“Okay—text me when you’re ready to be picked up.”
And just like that, plain old chaos becomes organized chaos.
This is my life now. And it’s pretty fucking great.
I crouch down and pull out the weeds around the white marble, then brush away the grass clippings clinging to the etched name.
“Hey, Judge!” Ronan’s baby-sweet voice chirps. He places a pot of forget-me-nots at the base of the headstone proudly. “We got these for you. They’re like the color the sky gets sometimes.”
His round eyes look up at me. “Can I go look at the statues?”
I nod, smiling. “Stay where I can see you. And don’t run on the graves—it’s disrespectful.”
“Got it!” He scampers away, toward the large old crypt in the center of the cemetery.
The Judge passed away six months ago, but it feels like he’s been gone a lot longer. His last year was rough. Advanced Alzheimer’s is a bitch. He stopped speaking, eating, walking. It was almost . . . a relief when he went. Because the real Atticus Faulkner—the man who saved me from prison and from myself—would’ve never wanted to live the way he was living then.

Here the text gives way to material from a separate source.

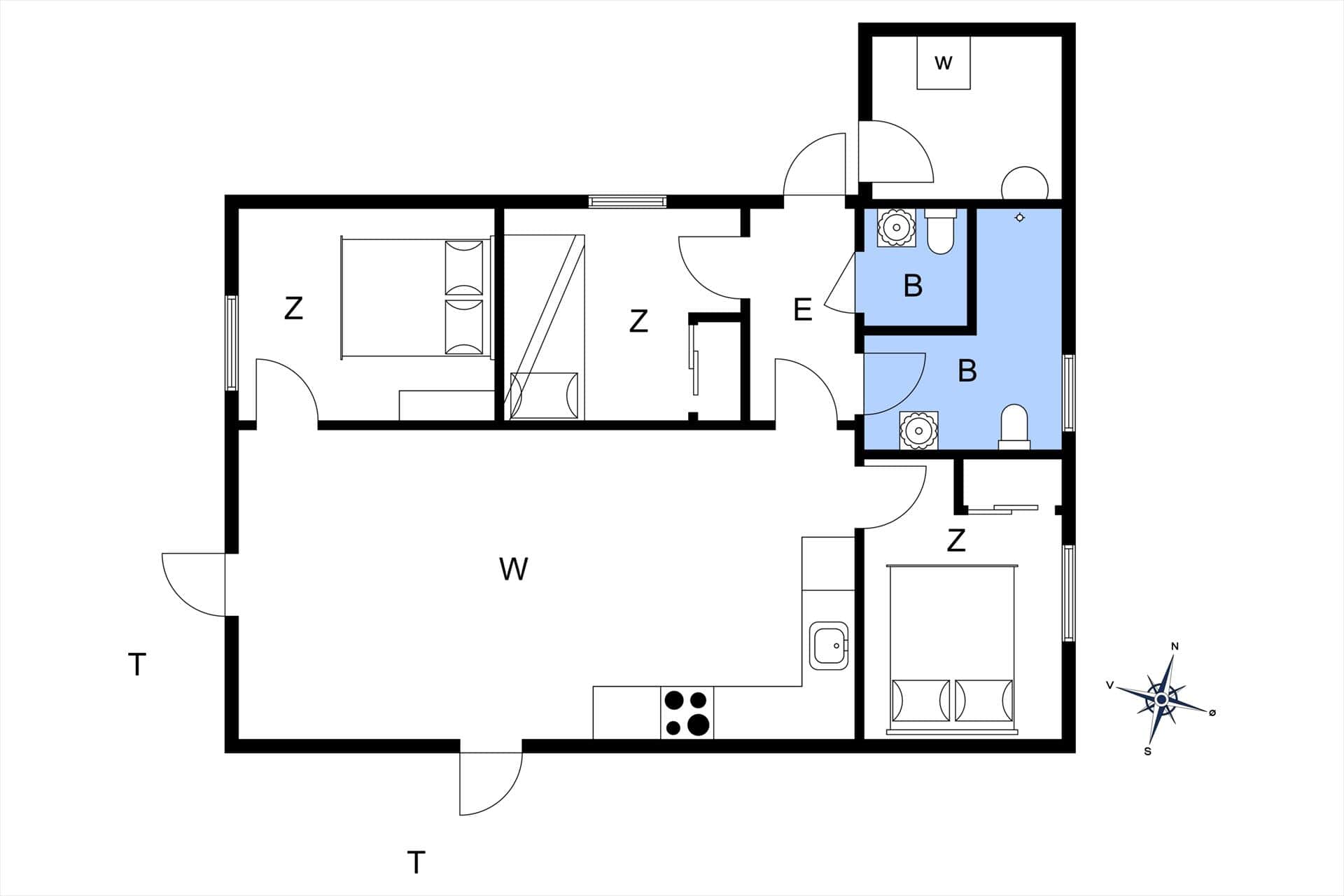 Interieur 20-174 Vakantiehuis M322, Cypresvej 10, DK - 4873 Væggerløse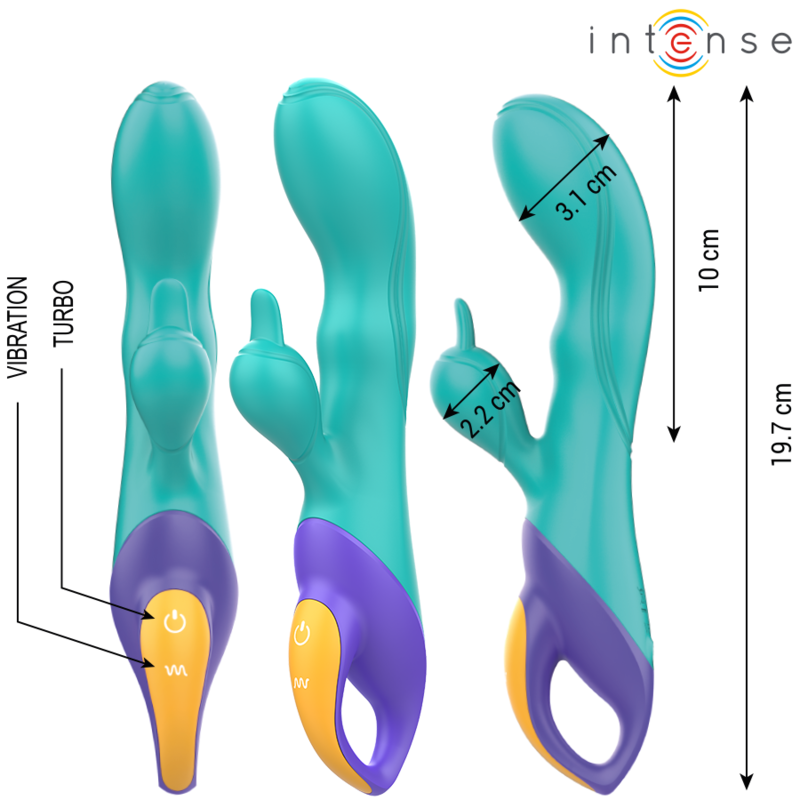 INTENSE - FRED VIBRADOR RECARGABLE RABBIT AZUL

I used to visit him in the nursing home every week. These days I stop by once a month, to let him know I’m still thinking of him, still grateful for all the things he taught me. And . . . because I just miss him.
No, I don’t actually expect an answer. Chelsea’s Catholic, and so are the kids, but I’m . . . nothing. Our wedding was held at sunset, in the garden outside our reception venue. I would’ve converted—for her—but Chelsea didn’t want to wait as long as we would’ve had to, to do the deed in a church. I don’t know if I even believe in God . . . but the Judge?
“The scholarship has been running for the last month. We’re already getting submissions. Lots of smart kids who’ve done some stupid shit in their lives.”
The Judge didn’t have any family, so he left his entire estate to me, with a note: You’ll know what to do with it. I didn’t, at first, and I cursed the son of a bitch for not being more specific. I imagine he got a good laugh over that—he never liked making things too easy for me. But then I got it: The Atticus Faulkner Scholarship. It’s open to high school students with difficult backgrounds who can show they’re smart and willing to work hard. The scholarship will pay for their education.
“Lots of kids who remind me of me—you’d get a kick out of them.”
I hang out at the cemetery a little longer talking to the Judge and watching Ronan running around in circles, like our dog, Cousin It, chasing his tail. Before we head out, I tap the top of the headstone. “See you soon, Judge.”
Later that afternoon, I’m in the den watching the baseball game. Except for Riley and Raymond, the kids are scattered throughout the house, but it’s quiet, which is a rare commodity around here. Chelsea comes in and hands me an iced tea.
She sits beside me on the couch, facing me, her legs tucked, her pretty feet curled under her. Yes—Chelsea has pretty fucking feet, okay? I never knew feet could be pretty—until I saw hers.
“So . . . that talk I mentioned before? We should probably have that now, while we can.”
I take a sip of my drink and nod. “Yeah—I wasn’t at all hoping you’d forget about it or anything.”
I look back at her, straight-faced. “I’m a funny guy.”
When she doesn’t say anything for a few moments, I ask, “What’s up?”
Because now I’m actually getting concerned. My stomach tightens as I brace for whatever’s worrying her—and before I even know what I’m up against, in my head I’m already planning all the ways I’ll take care of it. Because that’s what I do—and I’m good at it.
But what she tells me next blows my fucking mind.
Two words—ten thousand thoughts exploding in my head at once.
I’m a big guy, six-five, 225 pounds of muscle. Guys like me, our voices don’t squeak. But at this moment, mine comes damn close.
Chelsea’s beautiful face is tense and her crystal-blue eyes are iced over with worry. She takes the biggest breath and says, “No.”
I’m guessing couples usually talk about having kids before they get married—but Chelsea and I didn’t. Mostly because our plate was already fucking full.
“How . . .” I begin, then stop myself. Obviously I know how. “I mean, you’re still wearing the patch?”
Chelsea nods. “Yes. But it’s not one hundred percent effective and remember a few weeks ago it kept peeling off?”
I’m lucky I remember my own name right now.
My thoughts are still scrambled. Images of a tiny newborn mixed in with the six faces we already have. Ronan was only a few months old when Chelsea and I first met, so I know what’s coming. Midnight feedings, teething, crying for no reason at all. And the diapers—fuck—so many diapers. For years.
On the other hand, I’ve heard pregnancy makes a woman’s tits huge. My eyes are drawn to Chelsea’s already impressive rack. That pro might just outweigh all the cons.